Image-caption web data

=-=-=

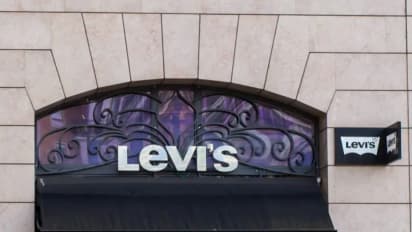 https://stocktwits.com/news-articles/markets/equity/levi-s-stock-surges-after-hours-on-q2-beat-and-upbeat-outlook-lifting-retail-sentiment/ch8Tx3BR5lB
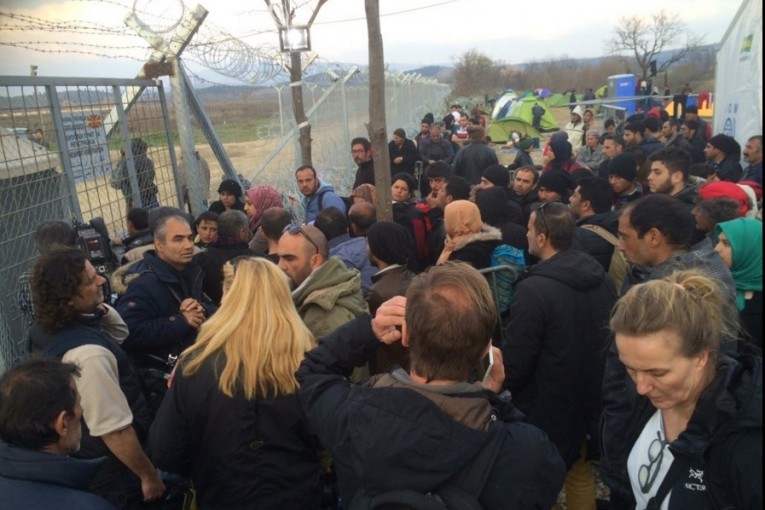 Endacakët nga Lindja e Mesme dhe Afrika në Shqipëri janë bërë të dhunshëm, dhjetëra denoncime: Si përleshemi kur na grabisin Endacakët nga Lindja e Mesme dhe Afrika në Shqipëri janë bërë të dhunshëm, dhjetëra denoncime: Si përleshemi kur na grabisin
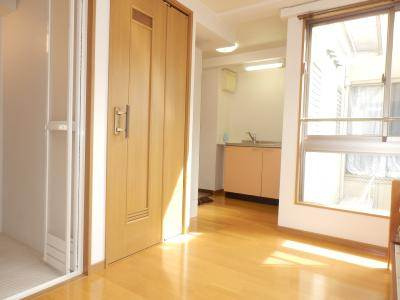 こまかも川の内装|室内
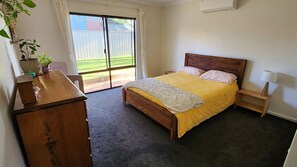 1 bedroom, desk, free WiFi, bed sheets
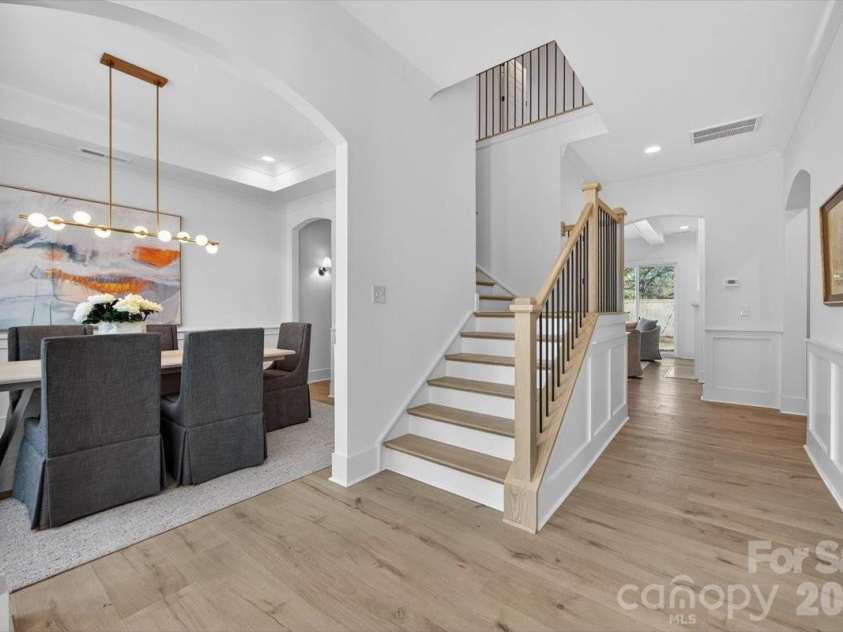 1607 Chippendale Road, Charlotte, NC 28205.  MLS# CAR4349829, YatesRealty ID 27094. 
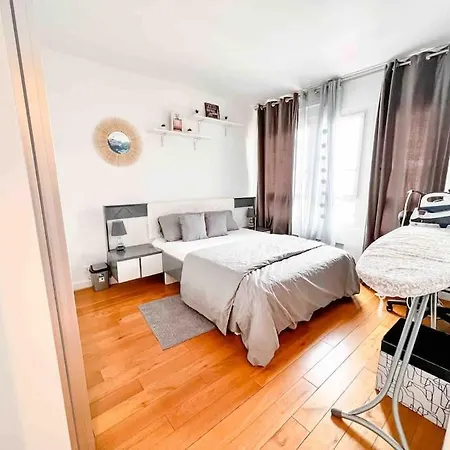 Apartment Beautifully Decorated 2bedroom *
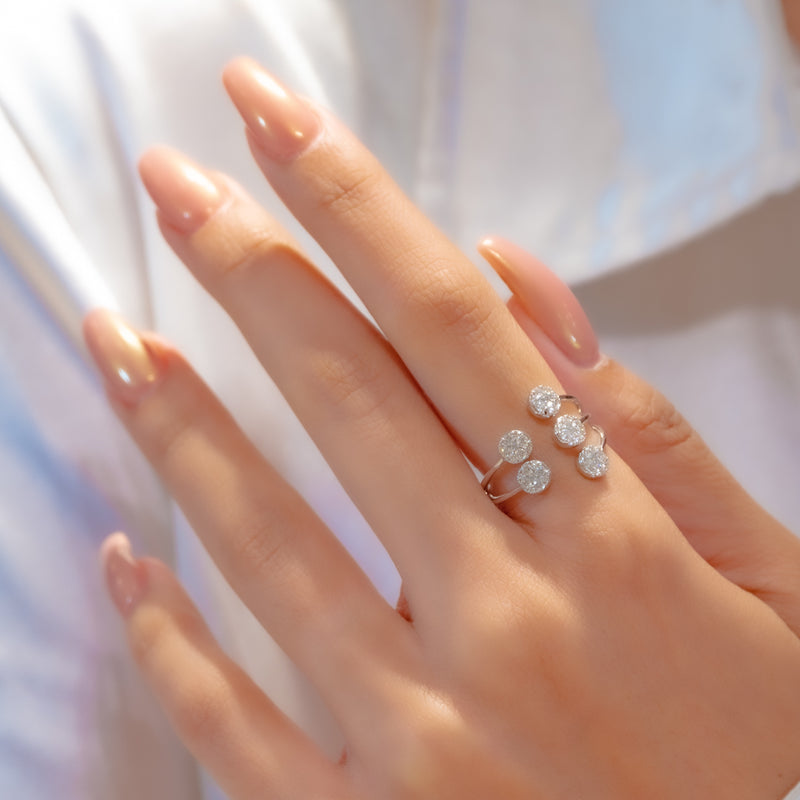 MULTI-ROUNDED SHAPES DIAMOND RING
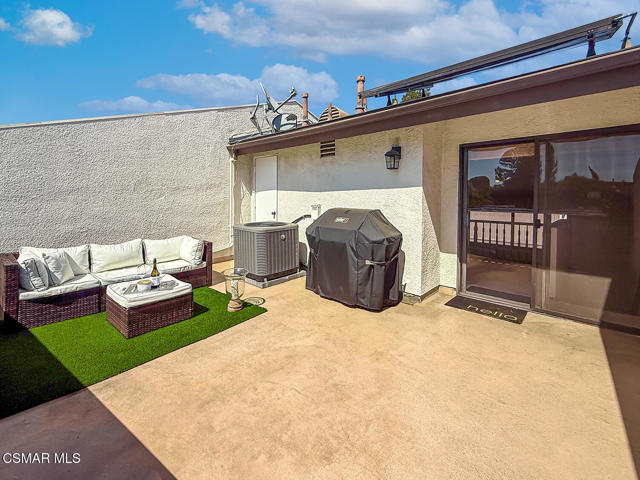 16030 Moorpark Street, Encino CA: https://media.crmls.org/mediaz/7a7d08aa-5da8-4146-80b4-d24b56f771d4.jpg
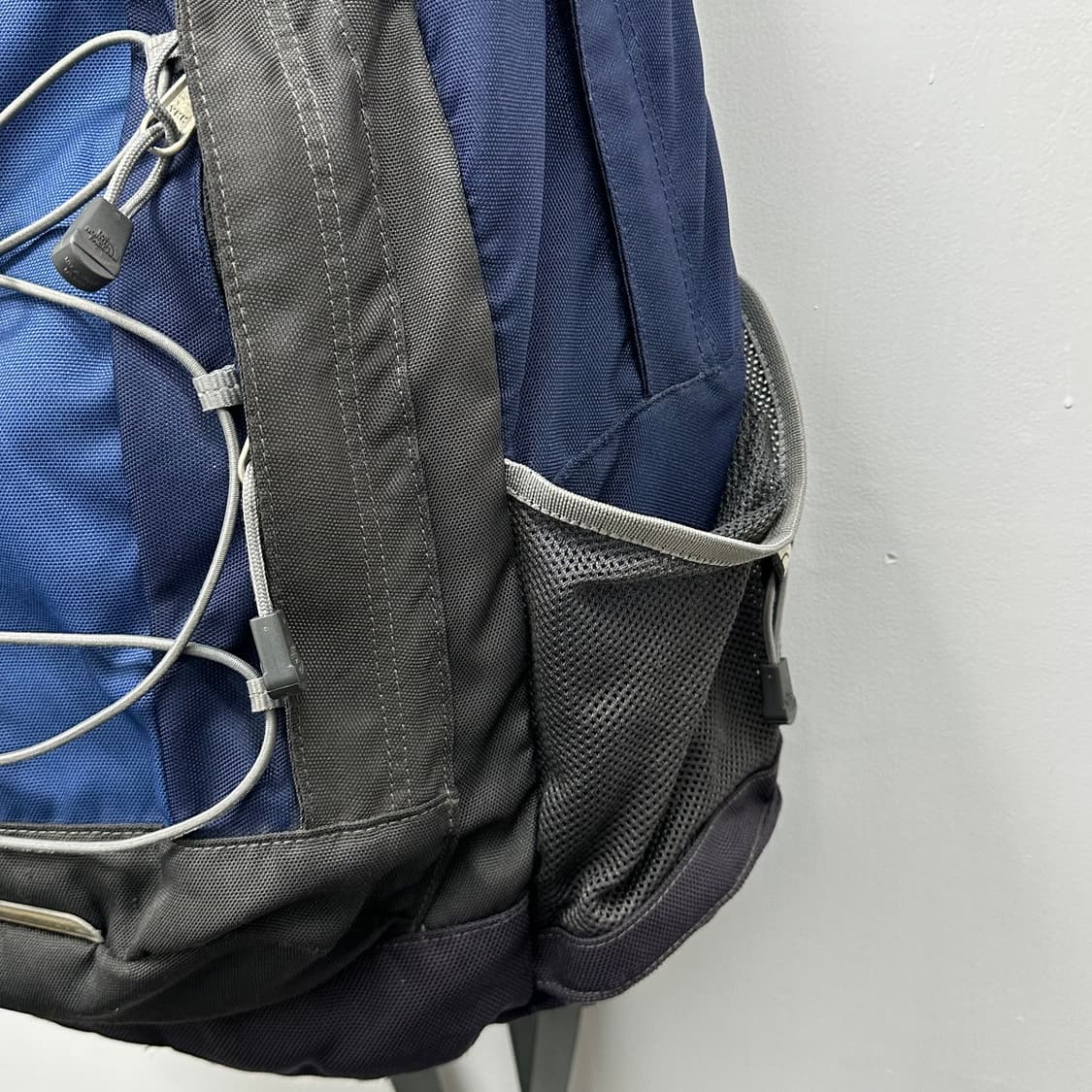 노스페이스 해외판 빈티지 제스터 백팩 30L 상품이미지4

=-=-=

Excluding pictures, copy exactly the lines from the line containing "Apartment Beautifully Decorated 2bedroom *" through the last line of the data, inclusive.

 Apartment Beautifully Decorated 2bedroom *
 MULTI-ROUNDED SHAPES DIAMOND RING
 16030 Moorpark Street, Encino CA: https://media.crmls.org/mediaz/7a7d08aa-5da8-4146-80b4-d24b56f771d4.jpg
 노스페이스 해외판 빈티지 제스터 백팩 30L 상품이미지4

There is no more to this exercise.